The Pope asks the Lord “to free the Church from those who would make her grow old, encase her in the past, hold her back or keep her at a standstill. But let us also ask Him to free her from another temptation: that of thinking she is young because she accepts everything the world offers her, thinking that she is renewed because she sets her message aside and acts like everybody else. No! The Church is young when she is herself”.
In the Post-Synodal document, Pope Francis proposes “paths of fraternity” to live the faith, avoiding the temptation “to withdraw into small groups”. He invites young people to build “social friendship, where everyone works for the common good”. He challenges them to “serve the poor, be protagonists of the revolution of charity and service, capable of resisting the pathologies of consumerism and superficial individualism”.
Pope Francis went on seven apostolic journeys in 2019. He visited eleven countries on four continents, making it a record year in terms of visits outside of Italy. The year began with World Youth Day in Panama, and continued in the United Arab Emirates where the Pope signed a historic Document on Human Fraternity with the Great Imam of al Azhar. In Morocco, he reiterated the importance of inter-religious dialogue. In Bulgaria, North Macedonia and Romania, he encouraged Christian unity. In Mozambique, Madagascar and Mauritius, he spoke out in defence of the poor and Creation. In Thailand, he appealed for the promotion of women’s and children’s rights. In Japan, his message centred on peace, and he repeated that both the use and the possession of nuclear weapons is immoral.

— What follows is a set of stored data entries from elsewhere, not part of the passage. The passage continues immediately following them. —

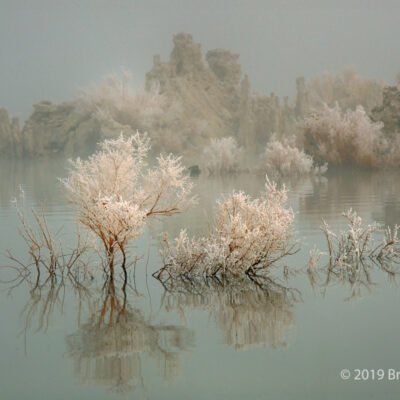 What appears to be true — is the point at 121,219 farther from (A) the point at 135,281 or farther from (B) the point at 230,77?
(B) the point at 230,77

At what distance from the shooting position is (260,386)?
10.2 ft

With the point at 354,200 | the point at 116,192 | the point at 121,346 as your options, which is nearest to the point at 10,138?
the point at 354,200

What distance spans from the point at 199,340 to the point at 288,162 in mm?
13862

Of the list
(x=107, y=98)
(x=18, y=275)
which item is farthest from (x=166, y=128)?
(x=18, y=275)

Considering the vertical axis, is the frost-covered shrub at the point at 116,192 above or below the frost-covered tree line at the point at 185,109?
below

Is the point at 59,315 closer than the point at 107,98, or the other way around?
the point at 59,315

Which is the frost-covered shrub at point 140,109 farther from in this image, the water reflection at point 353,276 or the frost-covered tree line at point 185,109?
the water reflection at point 353,276

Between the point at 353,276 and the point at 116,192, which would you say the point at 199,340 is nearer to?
the point at 353,276

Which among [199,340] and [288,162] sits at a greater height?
[288,162]

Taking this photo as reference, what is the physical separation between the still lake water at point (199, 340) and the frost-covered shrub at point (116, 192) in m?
0.44

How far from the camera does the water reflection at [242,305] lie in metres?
3.88

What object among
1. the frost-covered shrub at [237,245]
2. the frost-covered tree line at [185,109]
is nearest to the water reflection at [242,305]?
the frost-covered shrub at [237,245]

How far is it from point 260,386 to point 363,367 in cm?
59

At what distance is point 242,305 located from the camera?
4551 millimetres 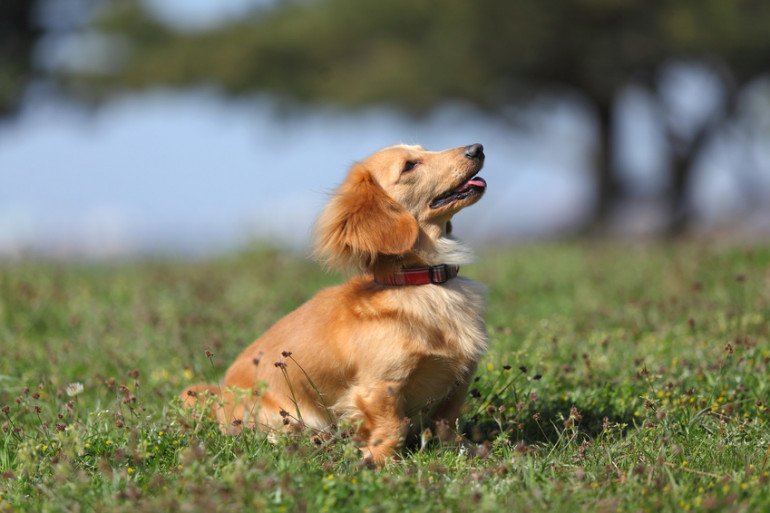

The Pope’s visits in Italy included Camerino, where he embraced earthquake victims in the Marches Region. In Loreto, he signed the Post-Synodal Exhortation to Youth, and in Greccio, the town where Saint Francis set up the first nativity scene, the Pope signed his letter concerning the Christmas crib.
Saints and Blesseds
2019 saw numerous canonizations and beatifications, including many martyrs from all continents and ideologies. Several were killed “in hatred of the faith” during the Spanish Civil War. They died forgiving their murderers. Others, like the seven bishops of the Greek-Catholic Church in Romania beatified by Pope Francis in Blaj, were martyrs of the communist regime. Others still, like Argentine Bishop Enrique Angelelli and his companions, were victims of right-wing dictatorships. Lay people too were proclaimed saints: like Margherita Bays of Switzerland, or the “saints next door” who lived their vocation in the family, amidst everyday challenges. The list included a cardinal too: John Henry Newman, an Anglican who converted to the Catholic faith in 1845.
A priest for fifty years
2019 was also the year Pope Francis celebrated 50 years of his priesthood. His vocation story dates back to 21 September 1953, the Feast of Saint Matthew. It was then, during Confession, that the young Jorge Mario Bergoglio had a profound experience of God’s mercy. Since then, as Pope, he has described priests as men living among people with the merciful heart of Jesus. Today is the time of mercy, he says. The Church understands this more and more: Pope Saint John XXIII took an important step in this direction, one that was continued by his successors. Inspired by Saint Faustina Kowalska, Pope Saint John Paul II instituted Divine Mercy Sunday.
On Divine Mercy Sunday 2019, Pope Francis confirmed how “all of us need mercy”. He invited us to “draw near to Jesus and touch His wounds in our suffering brothers and sisters. Jesus’ wounds are a treasure: mercy issues from them”, he said.